What does "equilibrium temperature of CO2 = -80F" mean?

Crick

Gold Member
May 10, 2014
27,875
5,292
290
N/A
Several posts have recently made the above statement and attempted to use it to argue against the greenhouse effect. However, I haven't the faintest idea what this statement is intended to mean. I have made several requests for an explanation but none have been forthcoming. Any thoughts?
 
Several posts have recently made the above statement and attempted to use it to argue against the greenhouse effect. However, I haven't the faintest idea what this statement is intended to mean. I have made several requests for an explanation but none have been forthcoming. Any thoughts?

Just off the top of my head, that's the temperature it becomes stable enough that it doesn't evaporate?

Just guessing.
 
The equilibrium temperature at which co2 changes from a solid to a gas/gas to solid at a certain pressure.
It should read Celsius rather than Fahrenheit
 
Last edited:
This is what wikipedia says. I highlighted the operative terms.
Climate sensitivity - Wikipedia

Climate sensitivity is the equilibrium temperature change in response to changes of the radiative forcing.
.......
Rahmstorf (2008)[15] provides an informal example of how climate sensitivity might be estimated empirically, from which the following is modified. Denote the sensitivity, i.e. the equilibrium increase in global mean temperature including the effects of feedbacks due to a sustained forcing by doubled CO2 (taken as 3.7 W/m2), as x °C. If Earth were to experience an equilibrium temperature change of deltaT (°C) due to a sustained forcing of deltaF (W/m2), then one might say that x/(deltaT) = (3.7 W/m2)/(deltaF), i.e. that x = deltaT * (3.7 W/m2)deltaF. The global temperature increase since the beginning of the industrial period (taken as 1750) is about 0.8 °C

That doesn't clarify much. If that is what those guys are referring to, they put in a negative sign and a few extra zeros.

Note: The article has the Greek delta symbol. It was replaced by "delta".
 
The equilibrium temperature at which co2 changes from a solid to a gas/gas to solid at a certain pressure.
It should read Celsius rather than Fahrenheit
Goes to liquid rather solid, no? I wasn't aware it sublimed.
 
The equilibrium temperature at which co2 changes from a solid to a gas/gas to solid at a certain pressure.
It should read Celsius rather than Fahrenheit
Goes to liquid rather solid, no? I wasn't aware it sublimed.

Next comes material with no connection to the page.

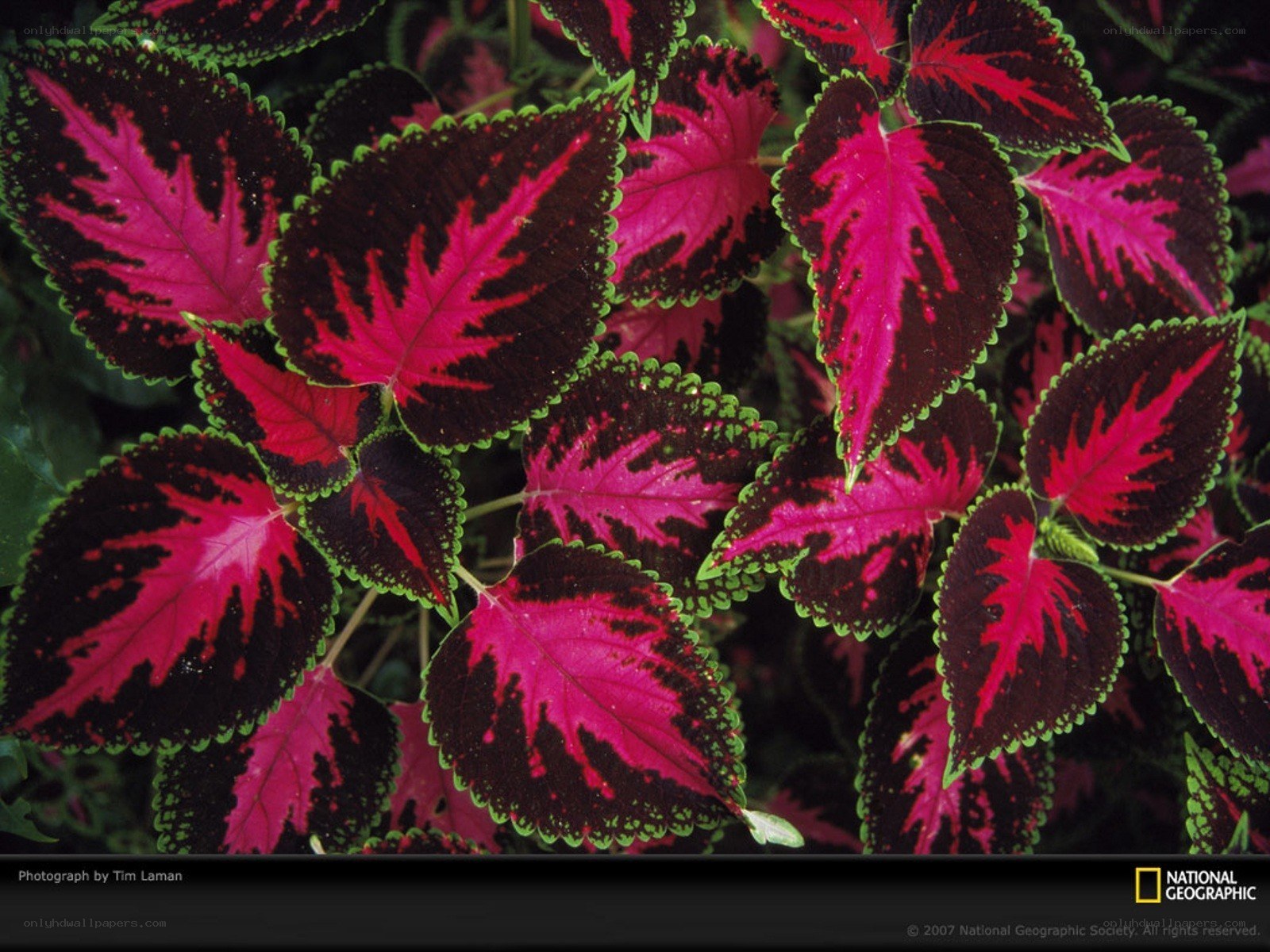 vibrant coleus plant leaves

It's actually quite complicated:

954px-Carbon_dioxide_pressure-temperature_phase_diagram.svg.png
 
The equilibrium temperature at which co2 changes from a solid to a gas/gas to solid at a certain pressure.
It should read Celsius rather than Fahrenheit

It's triple point, at which it will exist as solid, liquid and gas, is about -70F. But that has nothing to do with absorbing and emitting IR and it is not a temperature that CO2 seeks to reach, as was contended. And certainly it will sublime. Have you never heard of dry ice?

It's critical point is about +30C, no where near -80F.
 
Republicans love to use the word "equilibrium".

They think it makes them sound smart.

It's got all those letters.
 
Actually, triple point is -56.6 @ 5.11 atm, but at our atm is -78.6. So, depending upon your own atm.
The equilibrium temperature at which co2 changes from a solid to a gas/gas to solid at a certain pressure.
It should read Celsius rather than Fahrenheit

It's triple point, at which it will exist as solid, liquid and gas, is about -70F. But that has nothing to do with absorbing and emitting IR and it is not a temperature that CO2 seeks to reach, as was contended. And certainly it will sublime. Have you never heard of dry ice?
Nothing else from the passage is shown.